En todos estos años de liderar y servir a la iglesia, comprobé lo mucho que nos cuesta trabajar en equipo. Pero, por más que nos cueste, nadie puede negar que ella es un diseño de equipo.
Dios la ideó para unificar las fuerzas de la diversidad de propósitos que Él mismo plantó en nosotros. El problema surge cuando no existe el trabajo mancomunado, y por lo tanto, la iglesia se ve limitada en su capacidad de influencia.
La unidad no reside en la uniformidad. Todos somos únicos, y eso es bueno.
Poseemos un conjunto de capacidades, atributos y propósitos que nos hacen irreemplazables. Pero ¿cómo hacemos para que nuestra singularidad confluya con los planes de Dios para la humanidad? La clave está en la iglesia.
Más allá de ser únicos, Dios pensó a la iglesia como unificadora de la diversidad a la que hice referencia. Por eso, el éxito de ella reside en abrazar un proyecto común de transformación del territorio al que fue llamada. Esto es lo que comúnmente llamamos visión.

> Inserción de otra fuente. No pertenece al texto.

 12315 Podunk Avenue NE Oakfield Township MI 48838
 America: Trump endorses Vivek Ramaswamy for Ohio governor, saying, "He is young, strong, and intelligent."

¿Transformar el territorio?
Por supuesto. Esto es lo que el Evangelio del Reino provoca cuando confluyen distintas capacidades en el equipo de Dios. Cuando nos reunimos, Él está entre nosotros y somos entrenados, activados y capacitados para desarrollar sus planes.

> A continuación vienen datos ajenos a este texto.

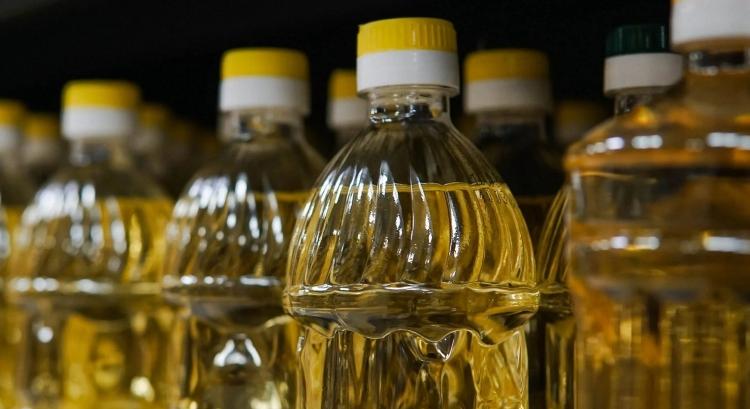 Az ukrán napraforgóolaj messze olcsóbb, mint a pálmaolaj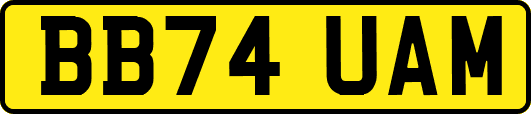 BB74UAM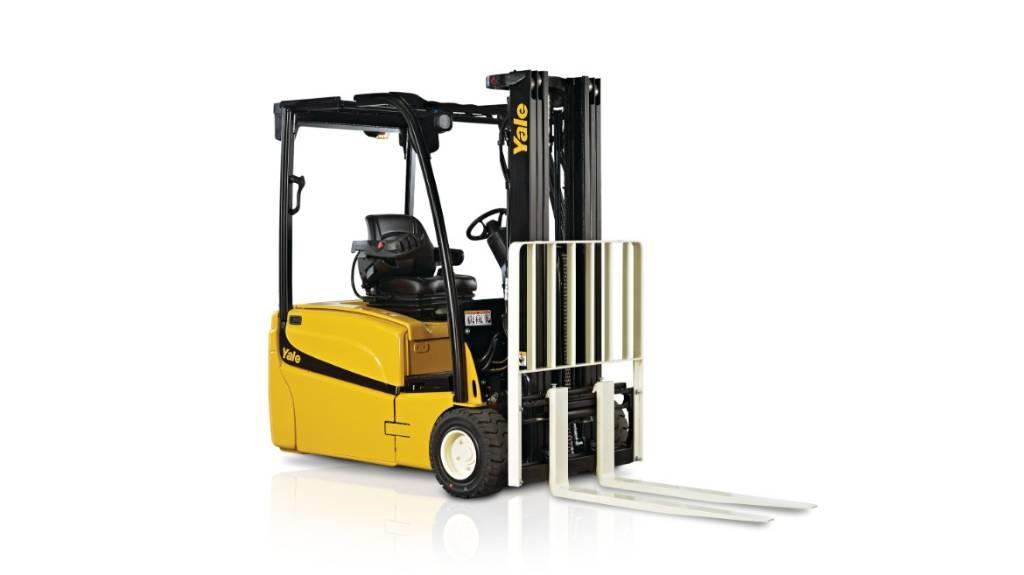 Yale ERP 18 VT Elektriniai šakiniai krautuvai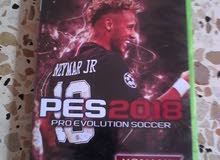Pes 2018 - Xbox 360 - خميس مليانة Pes 2018 - Xbox 360 - خميس مليانة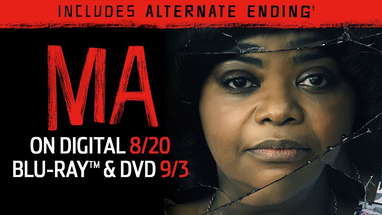 Own it now on Blu-ray, DVD & Digital poster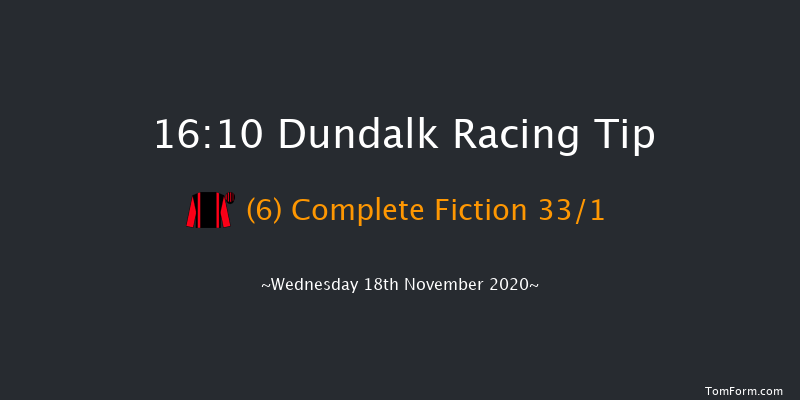 Irishinjuredjockeys.com Apprentice Handicap (45-65) (Div 2) Dundalk 16:10 Handicap 8f Mon 16th Nov 2020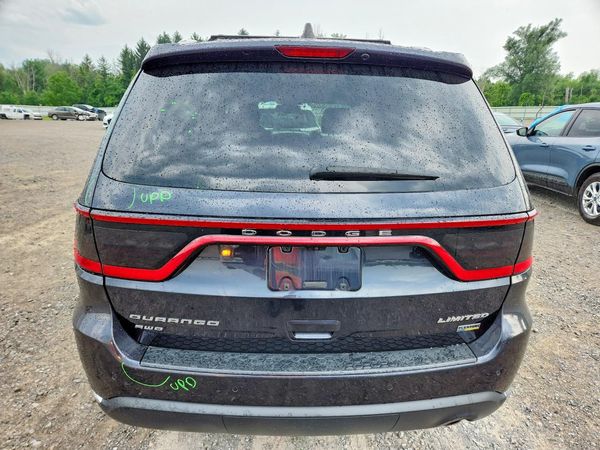 2014 DODGE DURANGO Limited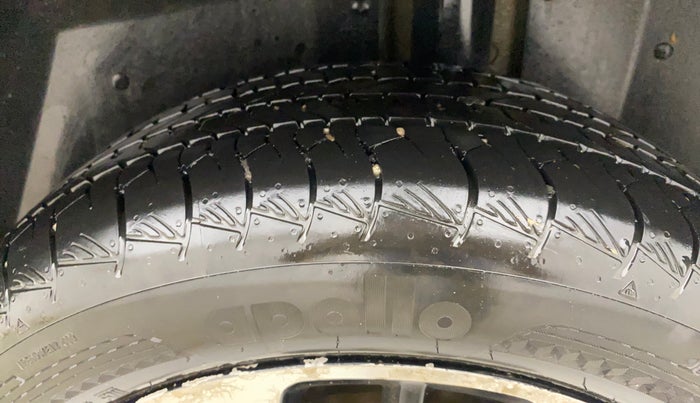 2021 MG HECTOR SHARP 1.5 PETROL CVT, Petrol, Automatic, 63,586 km, Left Rear Tyre Tread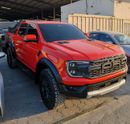 فورد رينجر رابتور Double Cabin 3.0L- RHD-AWD-petrol-Automatic-6 Cylinders-5 seats-4 Doors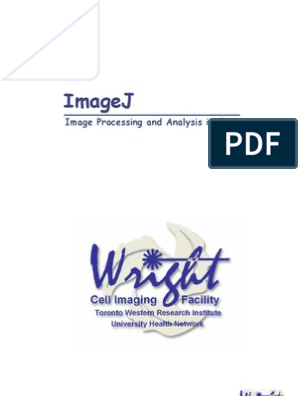 Imagejmanual Image Segmentation Java Virtual Machine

La primera comunidad de seguidores de Jesús estuvo plantada en Jerusalén y tuvo una visión clara. Los pocos registros que tenemos atestiguan que la iglesia era de “un solo sentir y pensar” (Hechos 4:32). Recordemos que a Jesús lo siguieron personas de diversas clases sociales y formación cultural. Pero esto no fue un problema. La Biblia atestigua que tenían un proyecto común que los unificó y les permitió crecer a pasos agigantados (Hechos 5:14).

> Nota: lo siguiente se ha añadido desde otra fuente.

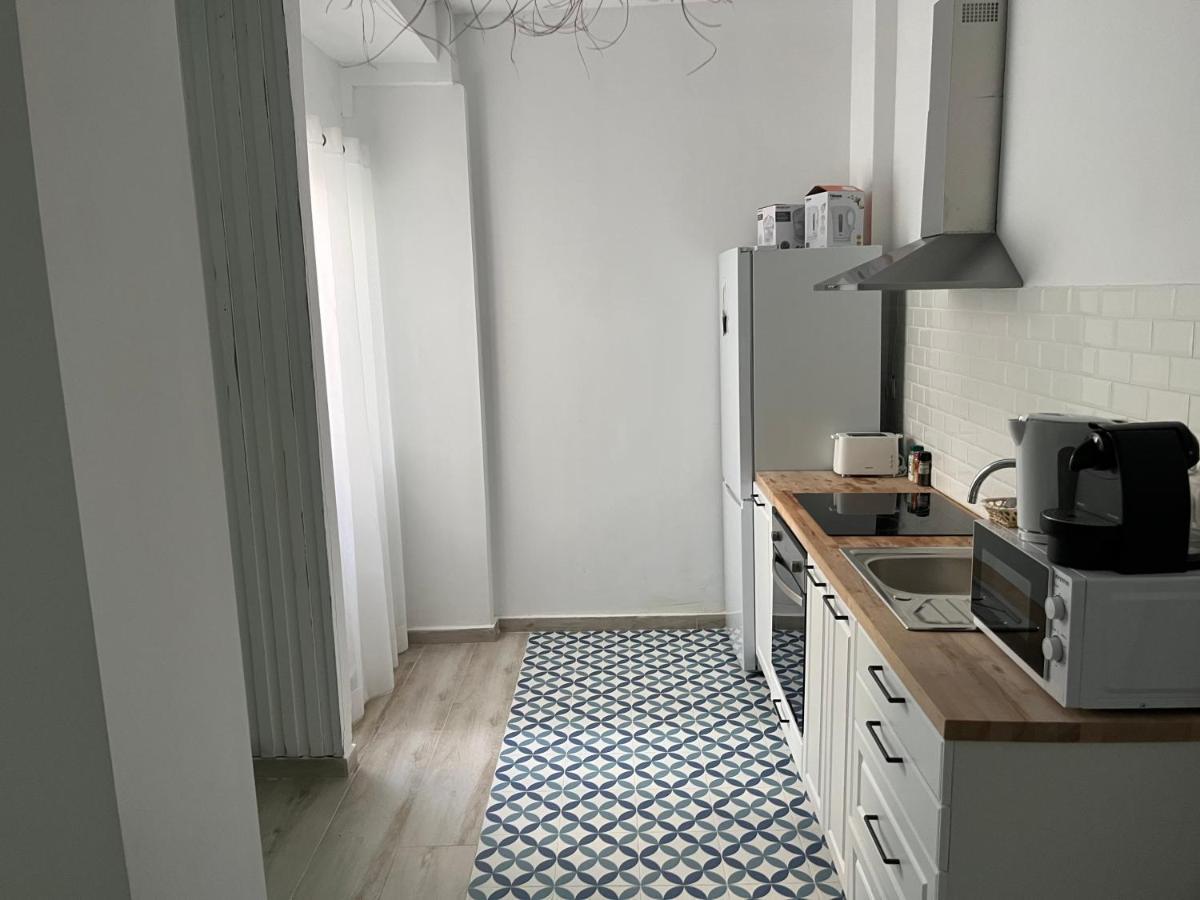 Alzira Bonita Apartamento B Con Patio, La Casella Zewnętrze zdjęcie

La unidad en la diversidad trae crecimiento en todos los aspectos porque nos permite tirar para un mismo objetivo.
Cada uno aporta lo que Dios depositó en su vida y se retroalimenta con los demás, ayudándose con las cargas y empujando el avance del Reino de Dios en la ciudad que los acoge.
¿A dónde quiero llegar con esto? Necesitamos ver a la iglesia desde su diversidad para comprender el rol que nos toca a cada uno. No entender esta realidad ha sido motivo de divisiones y estancamiento en distintas etapas de la historia de la Iglesia.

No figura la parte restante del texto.